River on Iranian island turns blood red in time for Passover

March 17, 2025

2 min read

Red ocean bloody water drops background with sky reflection and circles on dark asphalt. (Source: Shutterstock)

Heavy rainfall on Hormuz Island in the Persian Gulf created blood-red rivers that tumbled over waterfalls, turning the sea bright crimson. 

The location is sparsely inhabited and miles from the Iranian mainland, known locally as Silver and Red Beach. It is no stranger to this phenomenon, which also appeared last year. The volcanic soil on the island contains a high iron oxide content, producing a reddish pigment called Golak by natives. Golak is made into a reddish ochre used for artistic and culinary purposes. 

While the non-believers can dismiss the blood-red waters with explanations based on mineralogy,  the color hints at war as political relations between the US and Iran deteriorate. Trump-ordered airstrikes on the Iranian proxy Houthis killed at least 31 in Yemen. Trump warned the Islamist regime in Iran that if they threatened the United States, “America will hold you fully accountable and, we won’t be nice about it!”

The appearance of a blood-red river is strongly reminiscent of the first plague that led to the Exodus of the Jews from Egypt.

Moshe and Aharon did just as Hashem commanded: he lifted up the rod and struck the water in the Nile in the sight of Pharaoh and his courtiers, and all the water in the Nile was turned into blood Exodus 7:20

Jews will be reviewing the plagues in just a few weeks at the Passover seder. 

According to Jewish tradition and based on a verse in Micah, the ten plagues will reappear before the Messiah. 

I will show him wondrous deeds As in the days when You sallied forth from the land of Egypt.
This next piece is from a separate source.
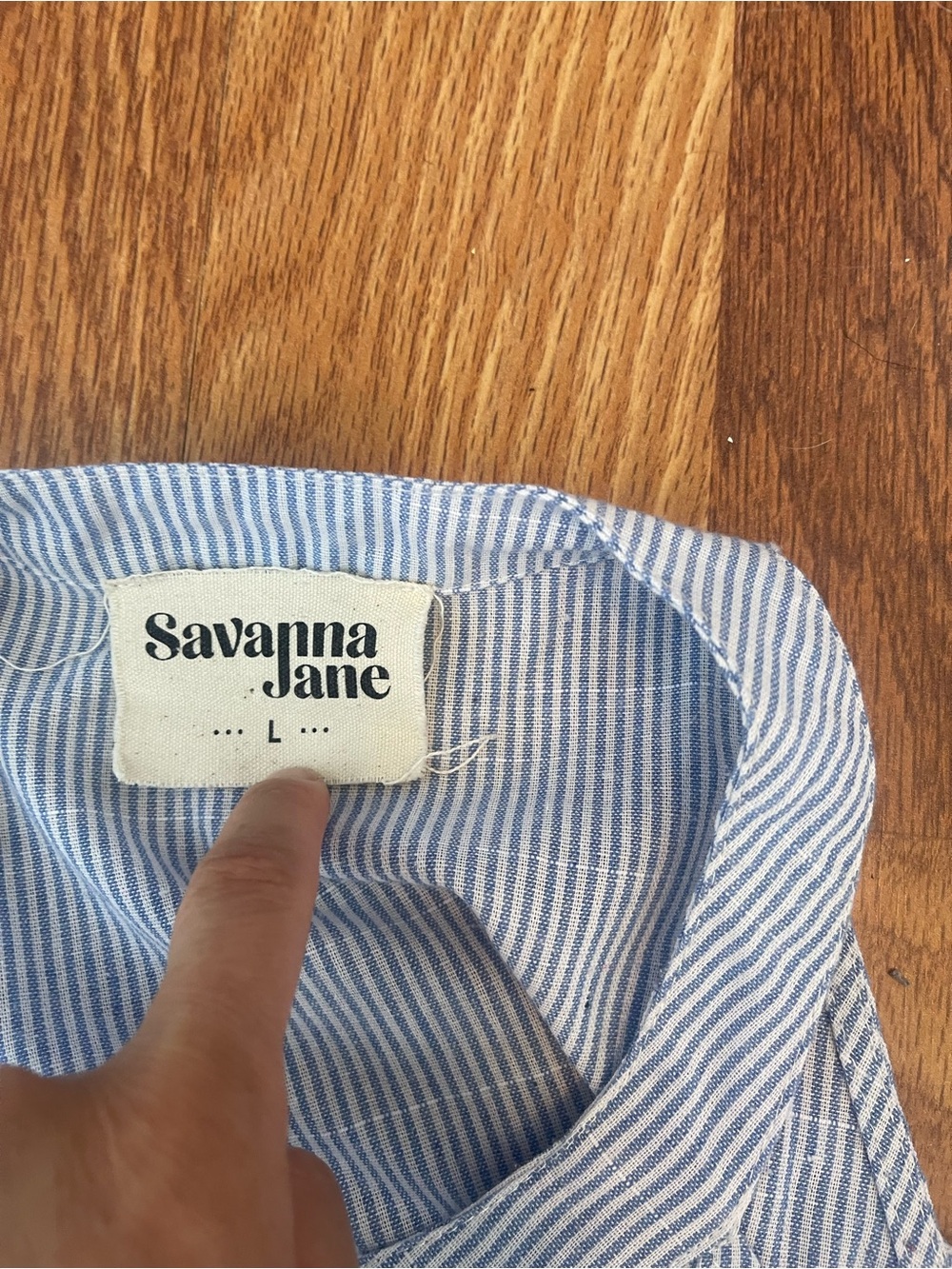 Savanna Jane Striped Embroidered Halter
Babydoll Top size L - Picture 4 of 7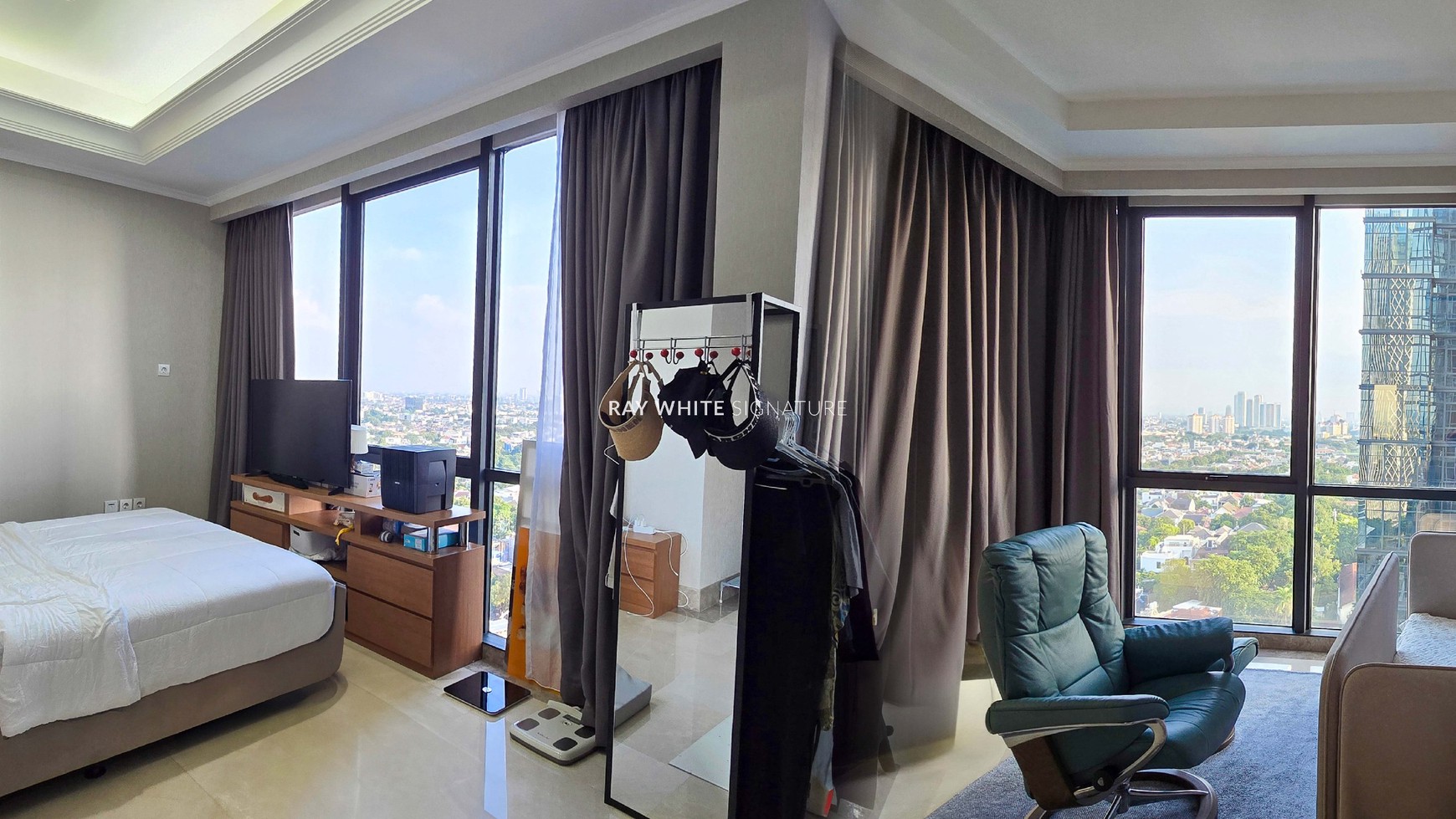 Dijual unit Apartemen 3 BR di District 8 Infinity Tower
Micah 7:15

Jewish sources predict that the ten plagues will reappear in the final Redemption but in even more powerful forms. It is written in Midrash Tanchuma, homiletic teachings collected around the fifth century, that “just as God struck the Egyptians with 10 plagues, so too He will strike the enemies of the Jewish people at the time of the Redemption.”

Nahmanides, a prominent 12th-century Torah scholar from Spain, wrote in his commentary on the plagues that the primary reason God punished the Egyptians was not for enslaving the Israelite people but for dismissing God and his influence in their lives.

This concept was explained by Rabbi Bahya ben Asher, a 13th-century Spanish commentator, who wrote, “In Egypt, God used only part of His strength. When the final redemption comes, God will show much more His power.”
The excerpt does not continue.